━━━ Task data

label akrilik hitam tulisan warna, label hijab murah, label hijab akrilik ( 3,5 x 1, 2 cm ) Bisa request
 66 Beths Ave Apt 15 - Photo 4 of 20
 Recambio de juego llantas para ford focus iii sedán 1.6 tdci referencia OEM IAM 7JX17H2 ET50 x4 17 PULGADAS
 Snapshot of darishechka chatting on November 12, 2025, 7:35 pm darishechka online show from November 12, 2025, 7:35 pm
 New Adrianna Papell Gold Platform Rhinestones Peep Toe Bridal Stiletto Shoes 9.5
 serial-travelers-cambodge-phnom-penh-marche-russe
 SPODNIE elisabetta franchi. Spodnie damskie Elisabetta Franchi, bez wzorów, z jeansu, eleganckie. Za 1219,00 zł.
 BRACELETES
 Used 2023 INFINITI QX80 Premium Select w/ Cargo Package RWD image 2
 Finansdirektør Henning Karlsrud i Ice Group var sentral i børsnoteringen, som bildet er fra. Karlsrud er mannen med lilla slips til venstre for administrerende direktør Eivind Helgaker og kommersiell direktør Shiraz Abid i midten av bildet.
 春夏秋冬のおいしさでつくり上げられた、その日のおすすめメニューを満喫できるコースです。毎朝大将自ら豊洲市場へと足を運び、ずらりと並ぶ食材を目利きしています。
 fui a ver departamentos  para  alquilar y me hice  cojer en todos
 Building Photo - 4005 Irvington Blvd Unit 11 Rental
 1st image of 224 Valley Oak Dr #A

━━━━━━

**The task:** Look through the records above for the word "image" and state how many lines contain it, giving the number alone.

**Result for this task:** 2